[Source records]
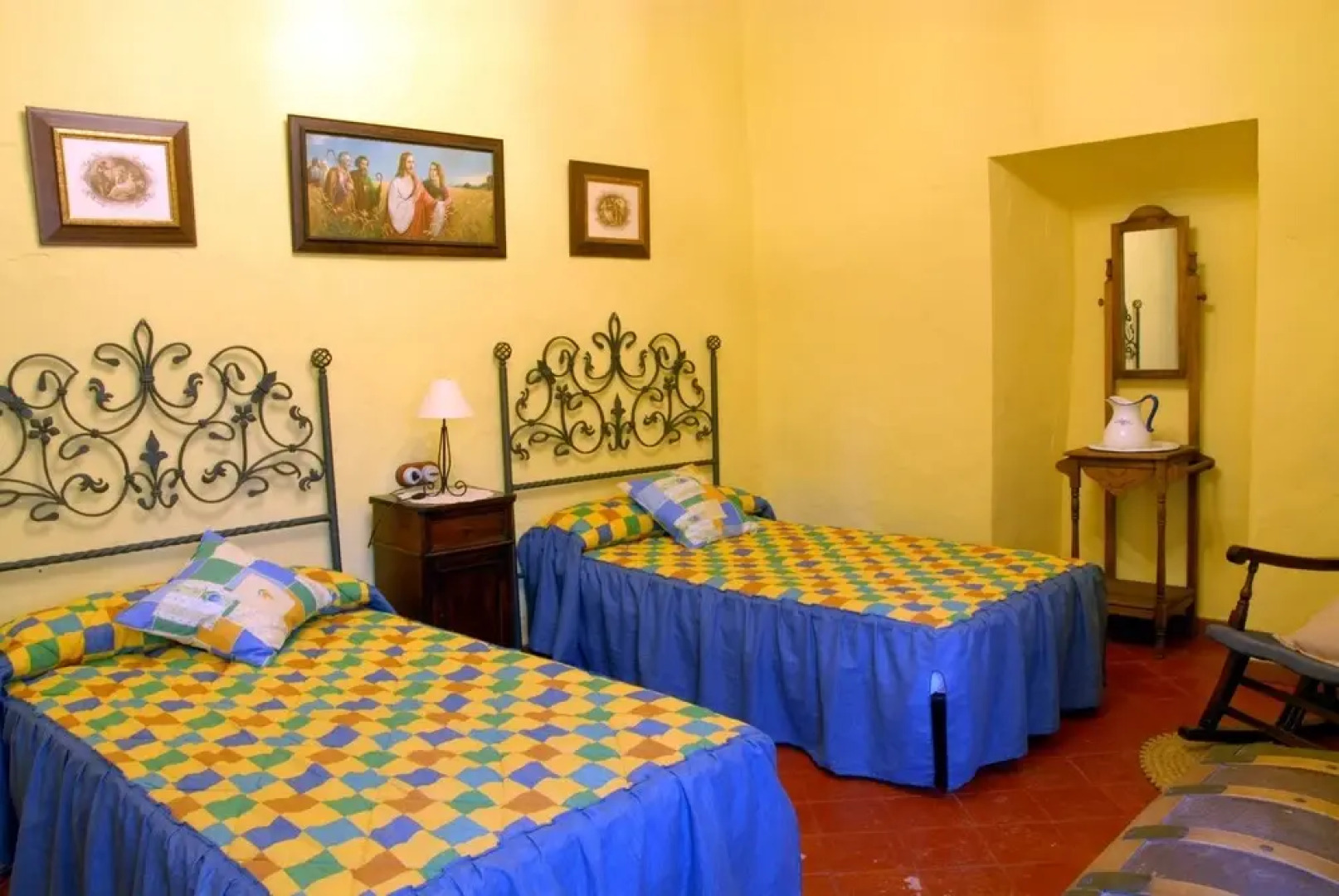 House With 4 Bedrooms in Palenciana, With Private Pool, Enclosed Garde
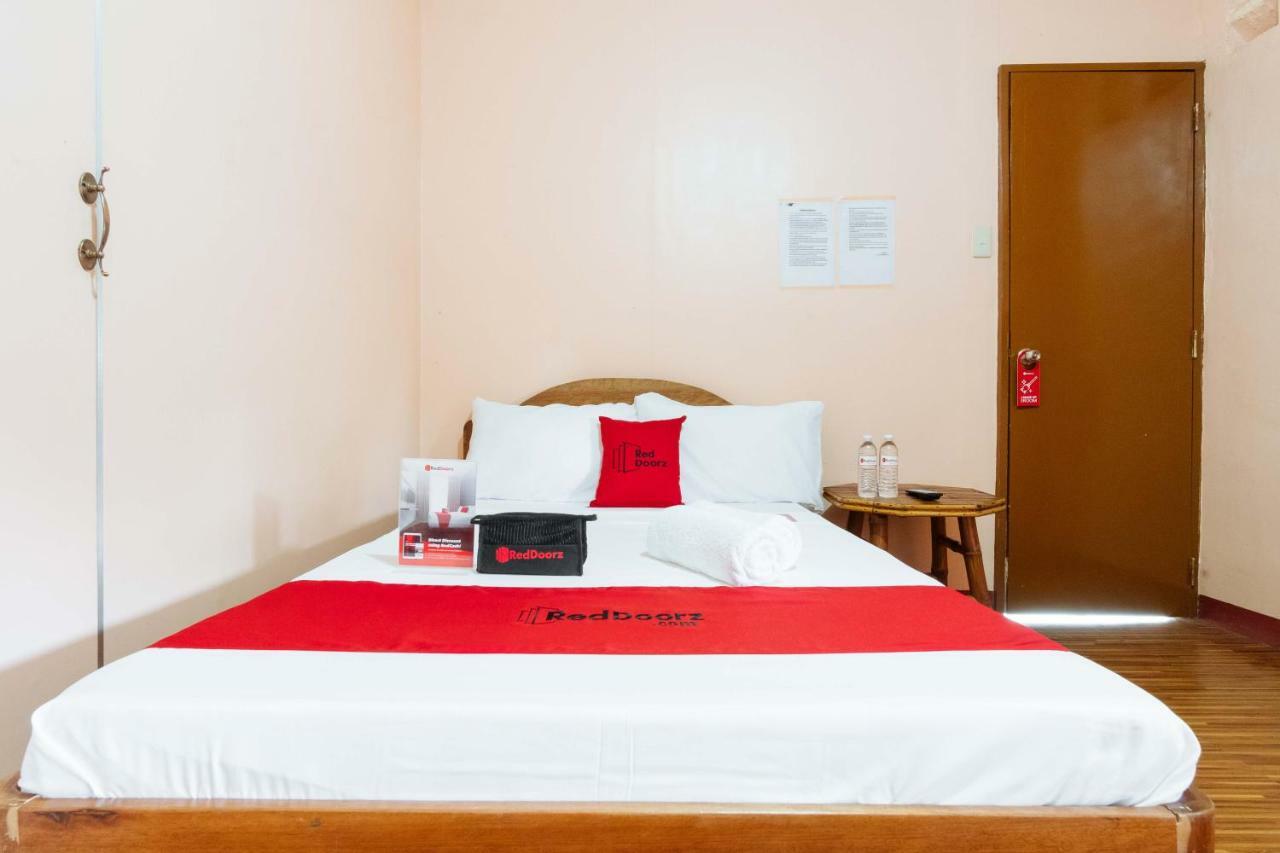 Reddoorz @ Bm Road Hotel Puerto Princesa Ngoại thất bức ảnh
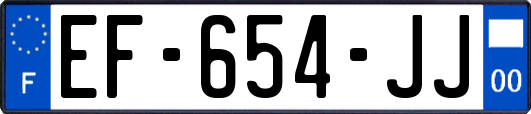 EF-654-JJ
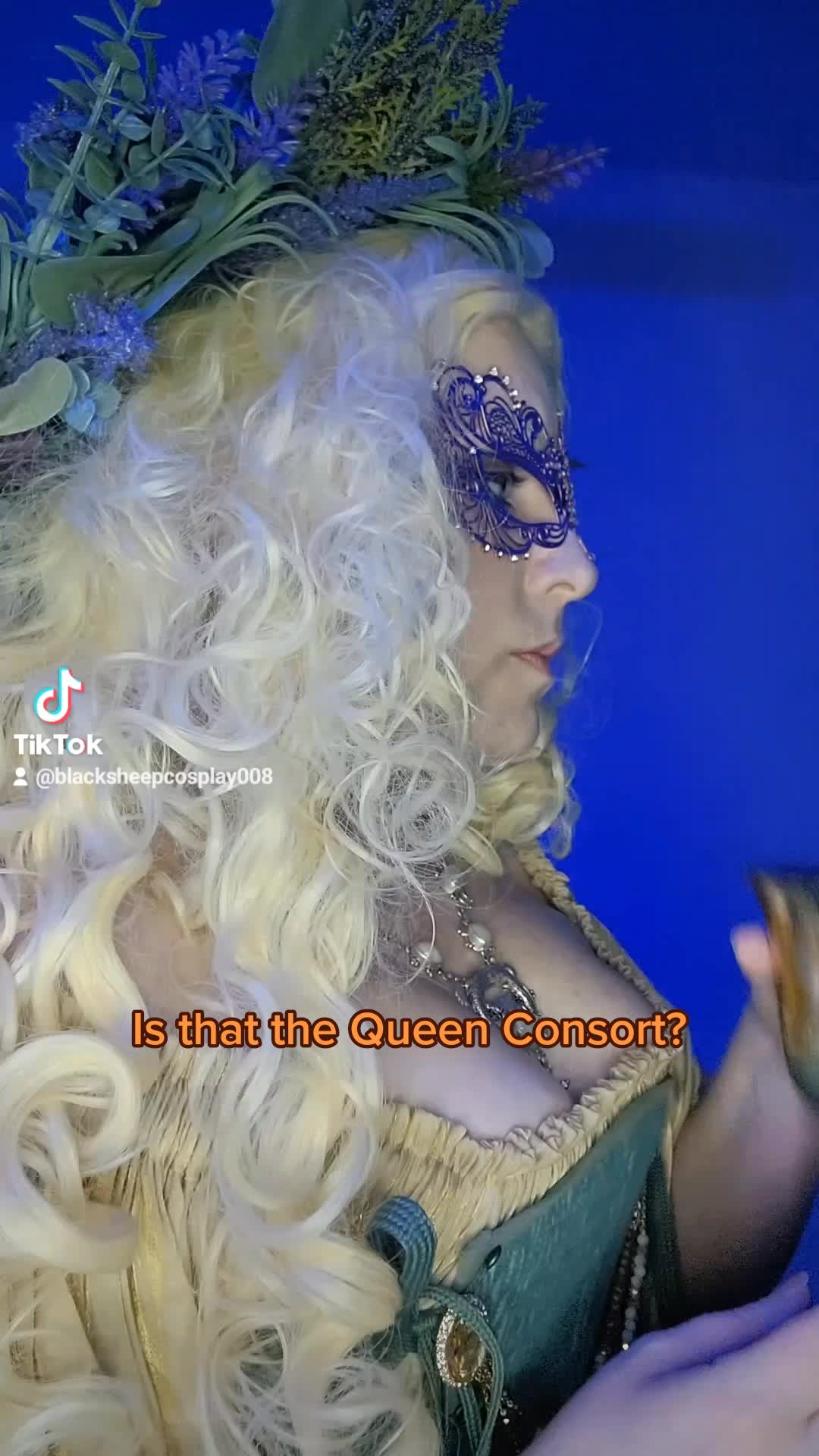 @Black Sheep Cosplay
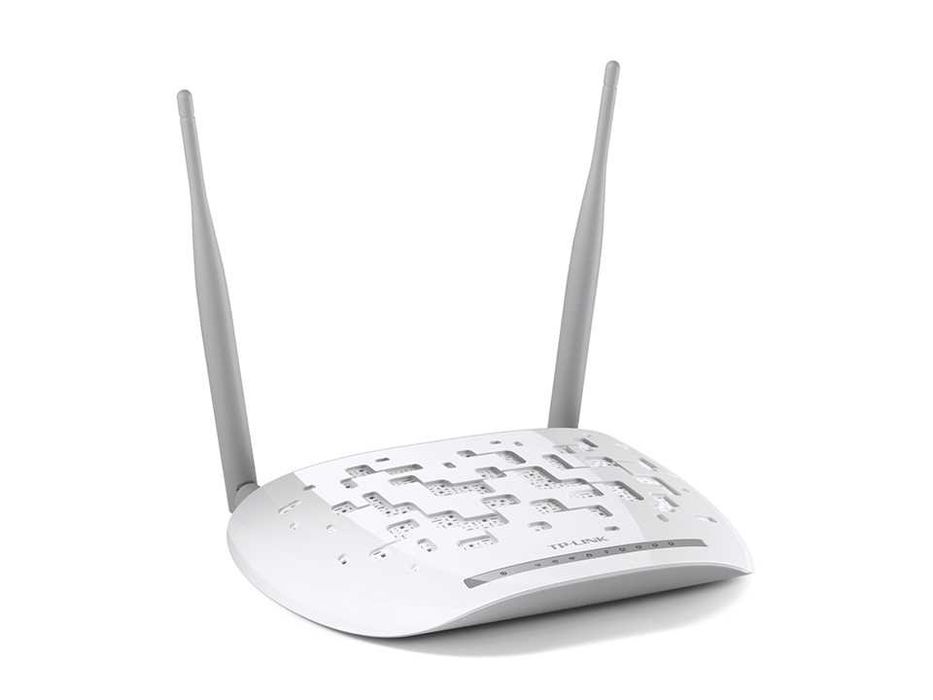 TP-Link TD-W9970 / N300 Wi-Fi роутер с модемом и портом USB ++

WHAT THE EXERCISE ASKS: Output the data exactly as it appears. The pictures do not belong in it.

OUTPUT BELOW:
 House With 4 Bedrooms in Palenciana, With Private Pool, Enclosed Garde
 Reddoorz @ Bm Road Hotel Puerto Princesa Ngoại thất bức ảnh
 EF-654-JJ
 @Black Sheep Cosplay
 TP-Link TD-W9970 / N300 Wi-Fi роутер с модемом и портом USB ++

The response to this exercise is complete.